[Opening DATASET CONTENT section]
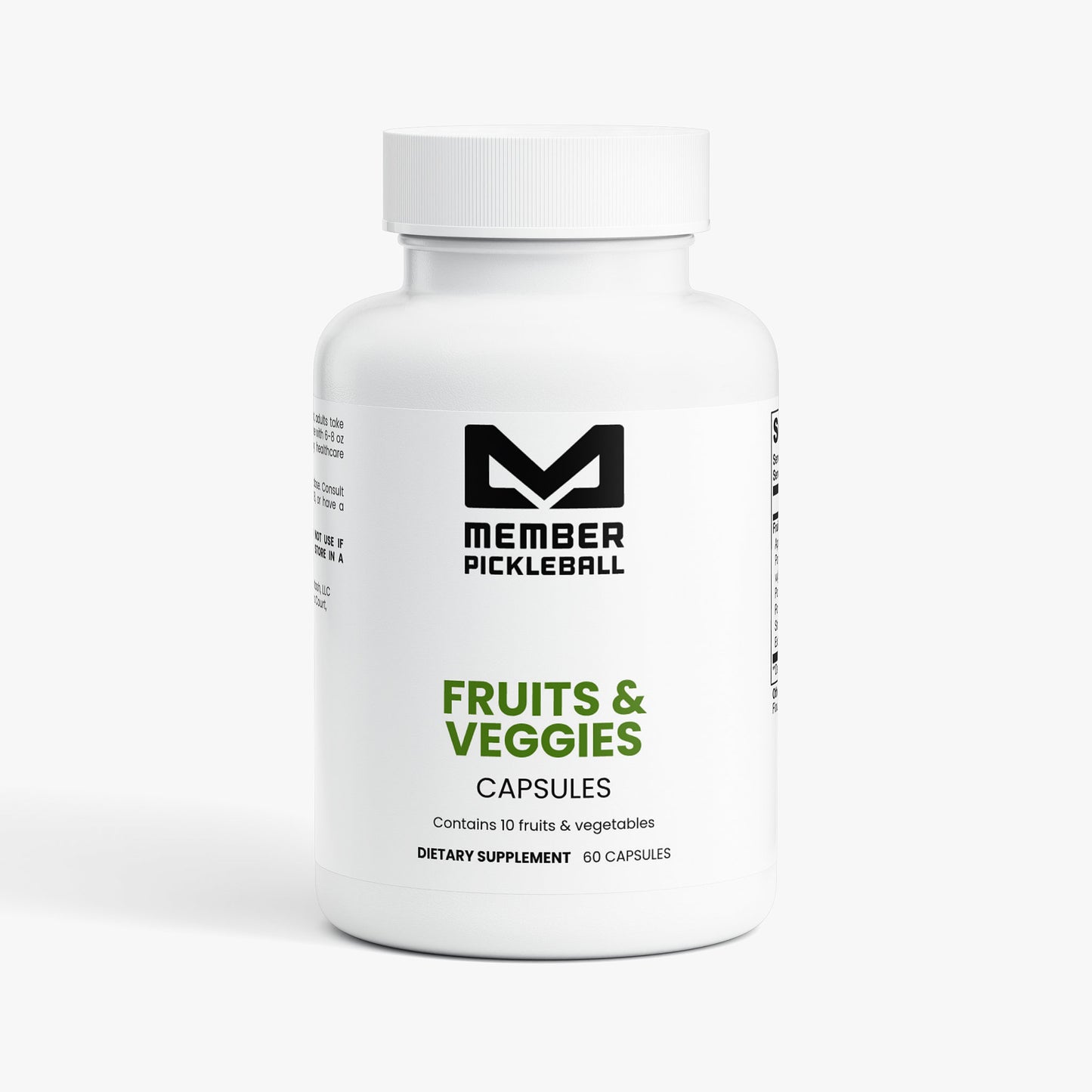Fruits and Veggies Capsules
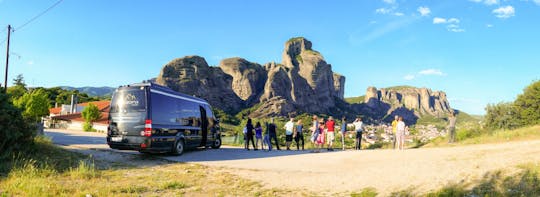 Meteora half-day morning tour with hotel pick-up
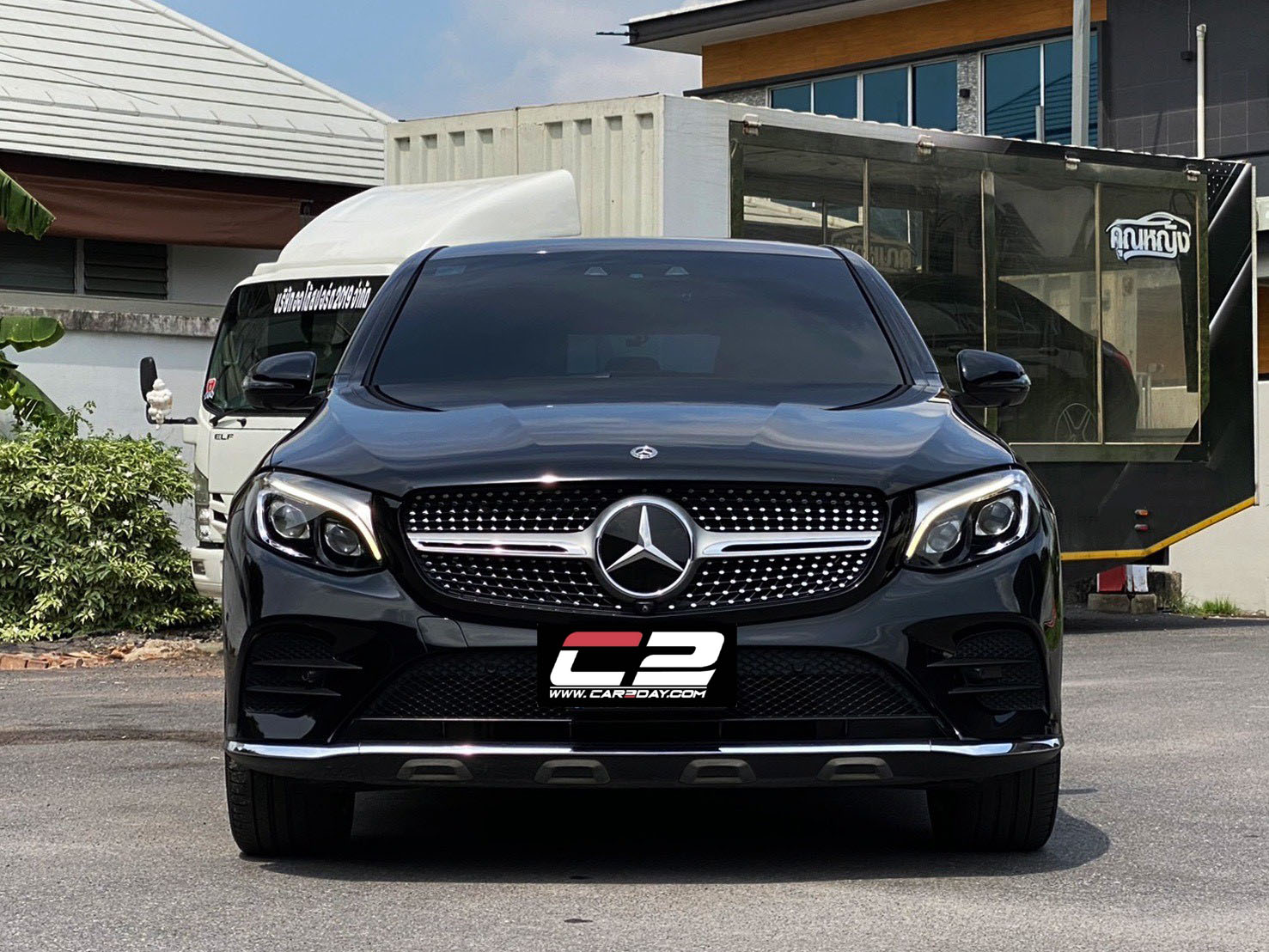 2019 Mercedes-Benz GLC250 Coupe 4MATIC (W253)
[Closing DATASET CONTENT section]
[Opening DATASET CONTENT section]
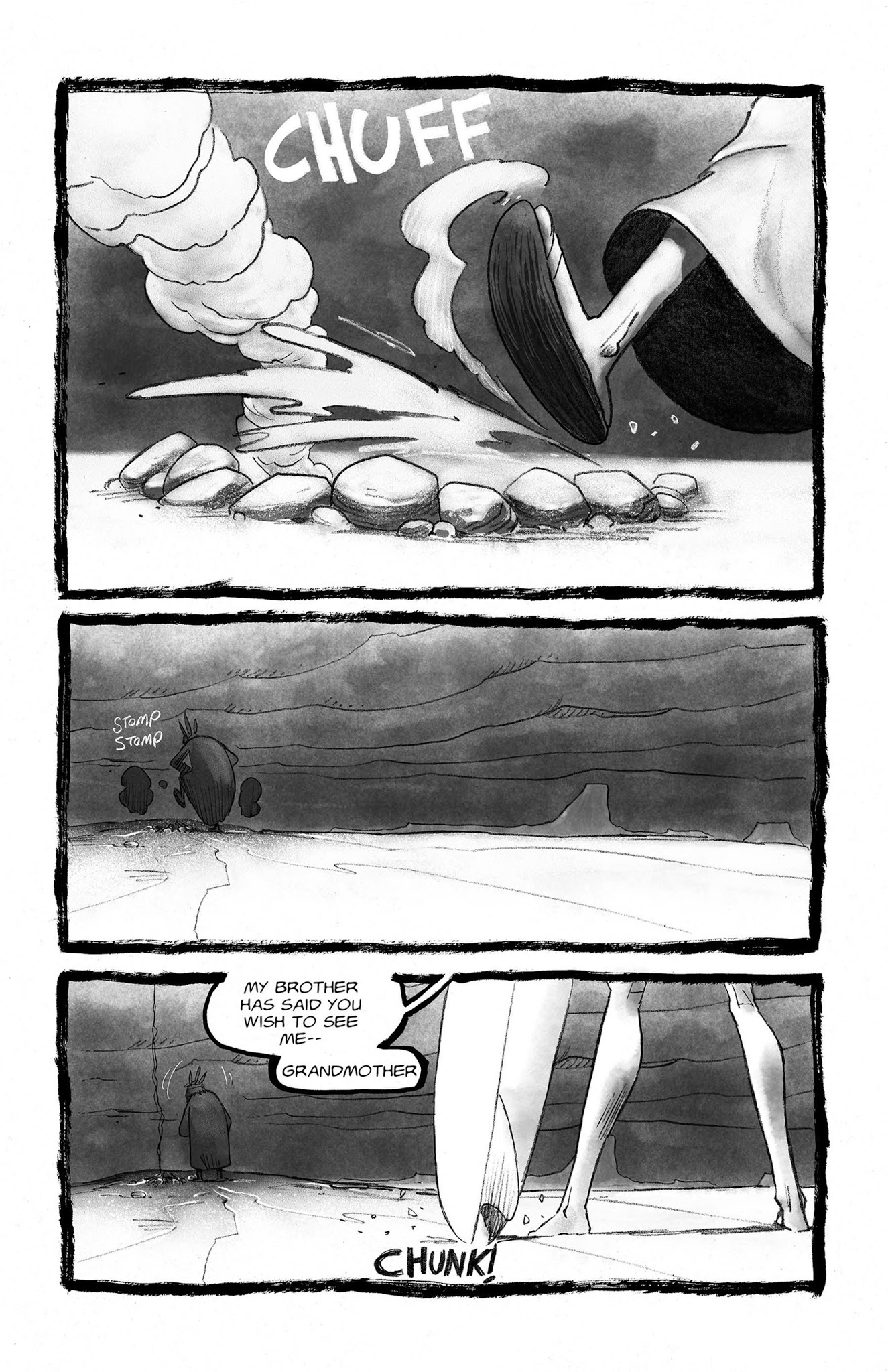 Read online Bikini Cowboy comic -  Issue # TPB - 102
[Closing DATASET CONTENT section]
[Opening DATASET CONTENT section]
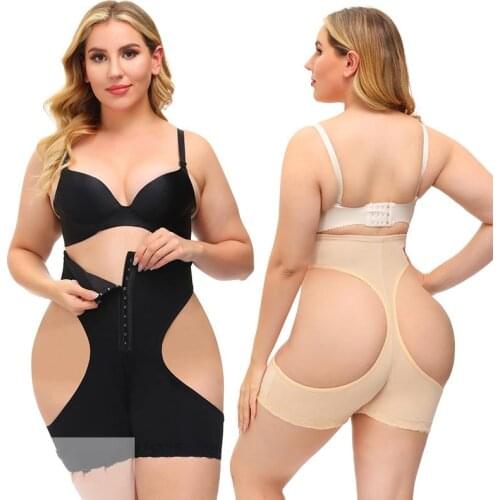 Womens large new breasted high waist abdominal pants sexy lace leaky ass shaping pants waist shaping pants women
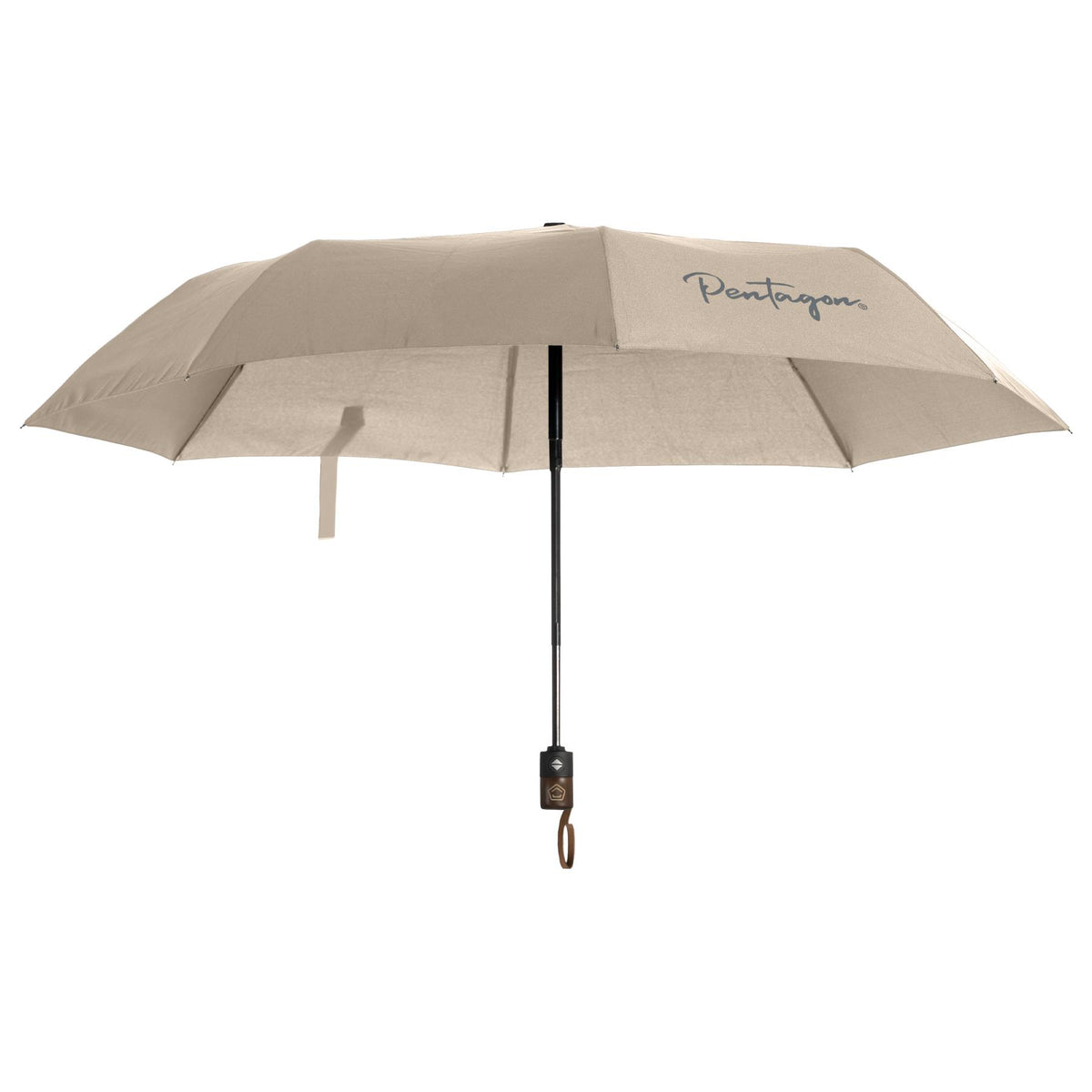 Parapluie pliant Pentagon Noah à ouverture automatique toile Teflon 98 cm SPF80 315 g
[Closing DATASET CONTENT section]
== WHAT NEEDS TO BE DONE ==
Using the entries above, repeat exactly the lines from the one with "Fruits and Veggies Capsules" to the one with "2019 Mercedes-Benz GLC250", both included, and leave the pictures behind.

== OUTPUT FOR THIS TASK ==
Fruits and Veggies Capsules
 Meteora half-day morning tour with hotel pick-up
 2019 Mercedes-Benz GLC250 Coupe 4MATIC (W253)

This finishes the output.